What is needed → Give back all of the data exactly as it stands, with the pictures removed.

Supplied data →
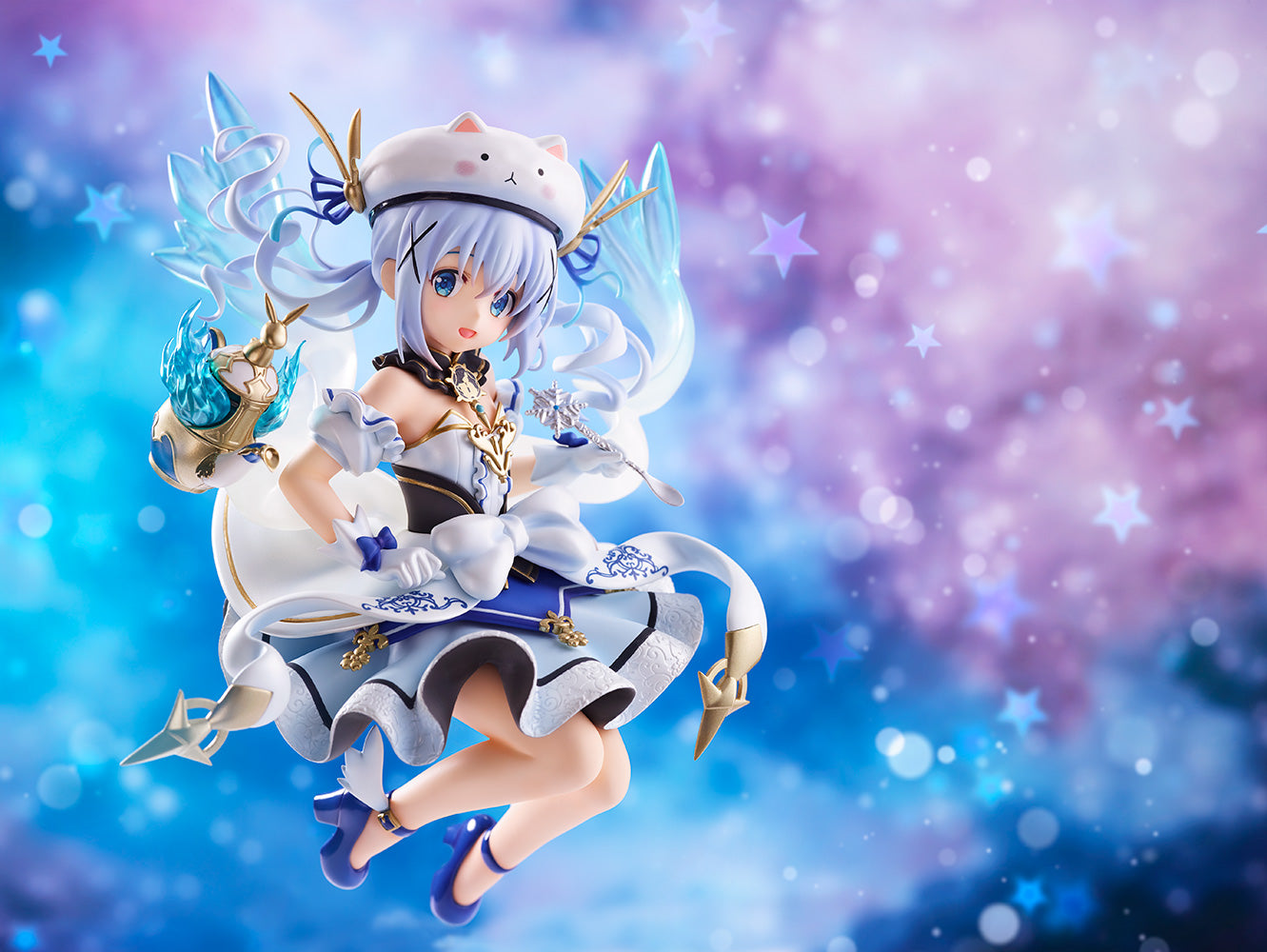 PRE-ORDER Kirara Fantasia - Chino Witch Ver. 1/7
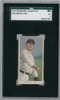 1910 T206 Birdie Cree Piedmont 350 SGC 3 front of card
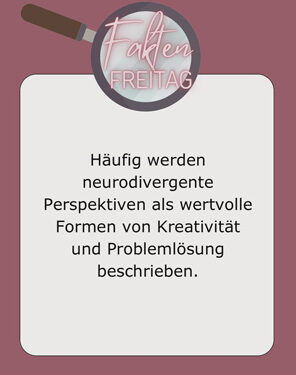 FaktenFreitag - Was ist eigentlich Neurodiversität?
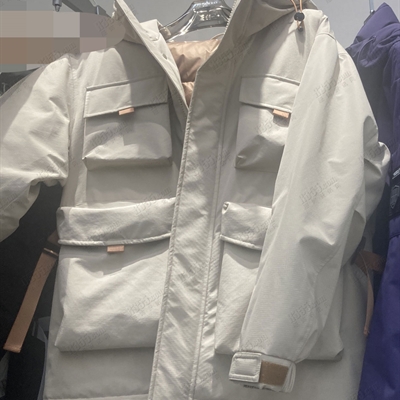 市场上装-棉衣/羽绒服-休闲棉服【实拍】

Response to the task →
 PRE-ORDER Kirara Fantasia - Chino Witch Ver. 1/7
 1910 T206 Birdie Cree Piedmont 350 SGC 3 front of card
 FaktenFreitag - Was ist eigentlich Neurodiversität?
 市场上装-棉衣/羽绒服-休闲棉服【实拍】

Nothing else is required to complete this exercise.